---------- Task data ----------

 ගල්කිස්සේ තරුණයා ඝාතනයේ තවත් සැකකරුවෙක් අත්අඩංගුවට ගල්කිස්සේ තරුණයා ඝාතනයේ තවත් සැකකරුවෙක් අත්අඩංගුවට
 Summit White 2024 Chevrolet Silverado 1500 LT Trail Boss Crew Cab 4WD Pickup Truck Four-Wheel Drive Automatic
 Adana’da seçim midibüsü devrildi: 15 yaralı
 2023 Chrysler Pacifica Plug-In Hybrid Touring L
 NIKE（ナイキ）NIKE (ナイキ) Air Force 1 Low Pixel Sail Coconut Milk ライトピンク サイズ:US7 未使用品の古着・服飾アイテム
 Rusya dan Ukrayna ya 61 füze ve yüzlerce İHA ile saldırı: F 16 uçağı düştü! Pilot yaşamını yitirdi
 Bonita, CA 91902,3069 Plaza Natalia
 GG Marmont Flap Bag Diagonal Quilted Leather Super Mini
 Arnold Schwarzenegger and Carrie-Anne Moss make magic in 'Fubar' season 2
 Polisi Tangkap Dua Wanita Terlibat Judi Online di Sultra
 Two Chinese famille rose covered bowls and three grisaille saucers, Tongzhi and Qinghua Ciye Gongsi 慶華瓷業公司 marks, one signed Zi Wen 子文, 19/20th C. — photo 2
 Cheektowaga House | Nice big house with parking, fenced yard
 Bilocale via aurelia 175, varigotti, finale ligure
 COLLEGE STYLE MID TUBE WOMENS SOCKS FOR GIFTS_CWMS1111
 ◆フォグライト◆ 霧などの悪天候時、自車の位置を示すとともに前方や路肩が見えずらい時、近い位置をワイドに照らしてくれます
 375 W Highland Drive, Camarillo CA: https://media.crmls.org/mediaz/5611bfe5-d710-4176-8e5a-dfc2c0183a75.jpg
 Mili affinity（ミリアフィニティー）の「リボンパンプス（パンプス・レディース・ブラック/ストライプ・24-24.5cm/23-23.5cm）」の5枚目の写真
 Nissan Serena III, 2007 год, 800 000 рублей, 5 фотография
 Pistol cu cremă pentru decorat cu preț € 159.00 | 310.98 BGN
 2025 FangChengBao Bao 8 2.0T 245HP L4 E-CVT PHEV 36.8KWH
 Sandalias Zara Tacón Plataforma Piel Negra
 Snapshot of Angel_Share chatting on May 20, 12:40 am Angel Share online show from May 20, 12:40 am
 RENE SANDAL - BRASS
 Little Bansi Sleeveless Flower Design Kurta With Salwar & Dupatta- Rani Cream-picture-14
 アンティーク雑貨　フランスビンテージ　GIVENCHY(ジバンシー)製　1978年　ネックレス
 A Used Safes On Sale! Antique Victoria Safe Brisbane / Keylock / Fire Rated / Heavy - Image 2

----------

■ **Problem**: Select and copy every line of the material that holds the string "Drive".

■ **Solution to the exercise**:
 Summit White 2024 Chevrolet Silverado 1500 LT Trail Boss Crew Cab 4WD Pickup Truck Four-Wheel Drive Automatic
 375 W Highland Drive, Camarillo CA: https://media.crmls.org/mediaz/5611bfe5-d710-4176-8e5a-dfc2c0183a75.jpg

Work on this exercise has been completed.